The Bubble Kids adds much-needed context to lives that could very well parallel those featured in blood-soaked headlines.
A compelling and hopeful young adult novel that reinforces the universality of the bonds of friendship, love, and family, The Bubble Kids is an engaging, pointed, and educational must-read for North Americans who only know of Pakistan via media oversimplification and caricature.
The story explores the soon-to-be intertwined lives of brothers Sher and Ali, in mountainous rural Pakistan, and friends Adam and Omar, privileged kids in Karachi. The 2001 terrorist attacks in the United States spark change in all of their lives. Sher and Ali’s family struggles to make ends meet as their region slides into economic decline. A mysterious, bearded stranger and roving bands of armed men rumored to be Taliban fighters threaten to bring political instability and personal hardship to all of them. Meanwhile, in the city, Adam and Omar try to retain a semblance of normalcy while their parents, teachers, and neighbors are consumed by the news and debate about terrorism, the Taliban, and Islamic fundamentalism. As violence in the region ramps up, the boys are expelled from their bubble of comfort to face a terrifying challenge involving Taliban insurgents.
What’s most striking about the book is the familiarity of the boys’ day-to-day experience, even for a reader whose life circumstances couldn’t be more different.
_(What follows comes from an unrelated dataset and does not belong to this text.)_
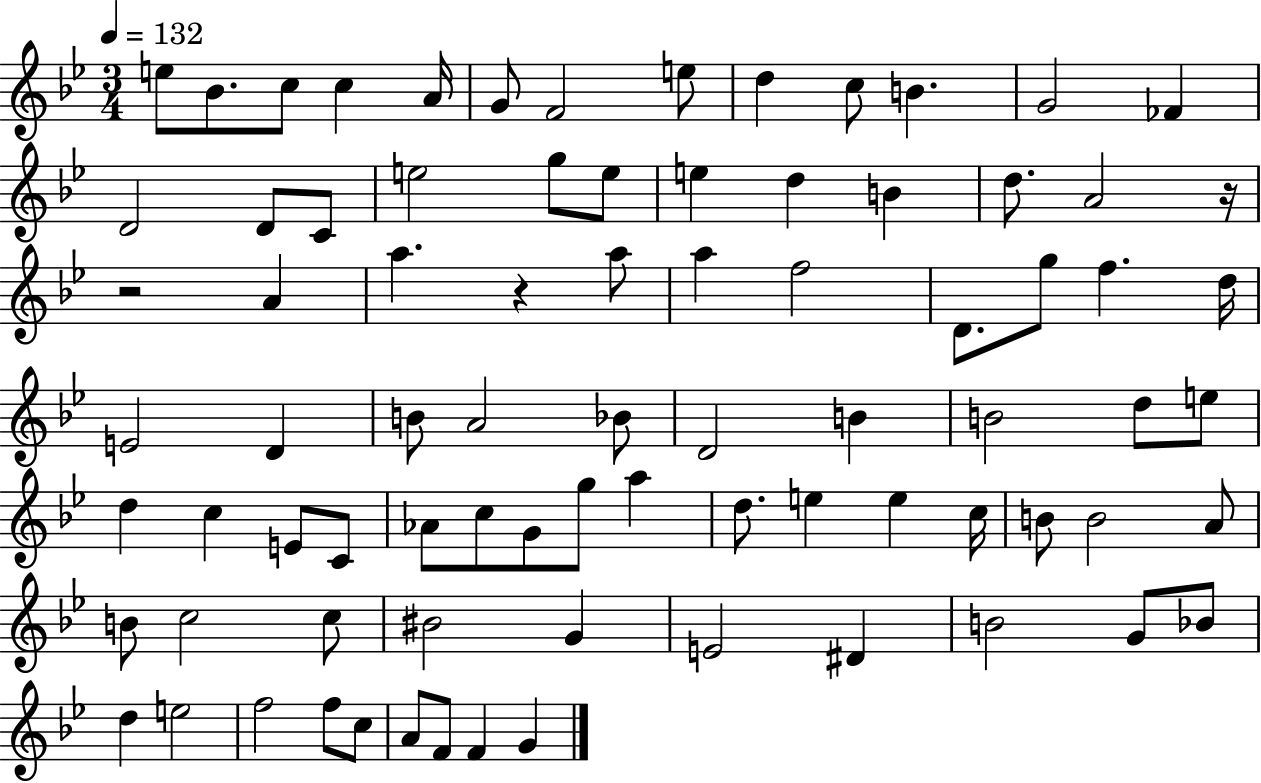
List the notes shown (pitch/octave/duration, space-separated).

E5/e Bb4/e. C5/e C5/q A4/s G4/e F4/h E5/e D5/q C5/e B4/q. G4/h FES4/q D4/h D4/e C4/e E5/h G5/e E5/e E5/q D5/q B4/q D5/e. A4/h R/s R/h A4/q A5/q. R/q A5/e A5/q F5/h D4/e. G5/e F5/q. D5/s E4/h D4/q B4/e A4/h Bb4/e D4/h B4/q B4/h D5/e E5/e D5/q C5/q E4/e C4/e Ab4/e C5/e G4/e G5/e A5/q D5/e. E5/q E5/q C5/s B4/e B4/h A4/e B4/e C5/h C5/e BIS4/h G4/q E4/h D#4/q B4/h G4/e Bb4/e D5/q E5/h F5/h F5/e C5/e A4/e F4/e F4/q G4/q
They are distracted by thoughts of sports tryouts and pretty girls. They navigate their pending transition to adulthood with a recognizable mixture of optimism and frustration, wanting protection while feeling hypersensitive to being treated like the children they no longer feel they are.
The boys’ relatability makes the dramatic and violent events that unfold around them all the more poignant, and readers gain the realization alongside Adam that “there could be no more fooling himself into thinking that bad things happened only to other people.” Adam’s struggle to make sense of the contrast between his affluent upbringing and the violence and political upheaval that touch everyone he knows feels very natural, not contrived to make a point, as does Sher’s emergence as his brother’s—and ultimately the other boys’—keeper.
With the inclusion of so many finely wrought details about daily life, the novel acts as a window into another part of the world, adding much-needed context to lives that could very well parallel those featured in blood-soaked headlines. We can smell Sher’s mother’s sweet tea and see the glint off of Omar’s swimming trophy, and in doing so we are confronted with the humanity of those involved (especially inadvertently) in conflicts around the world. The novel excels especially at highlighting everyday moments of resistance to terrorism, violence, and extremism, practiced one brave act at a time, that mainstream journalism ignores but that fiction persists in exposing. The Bubble Kids is a completely engrossing and refreshing read.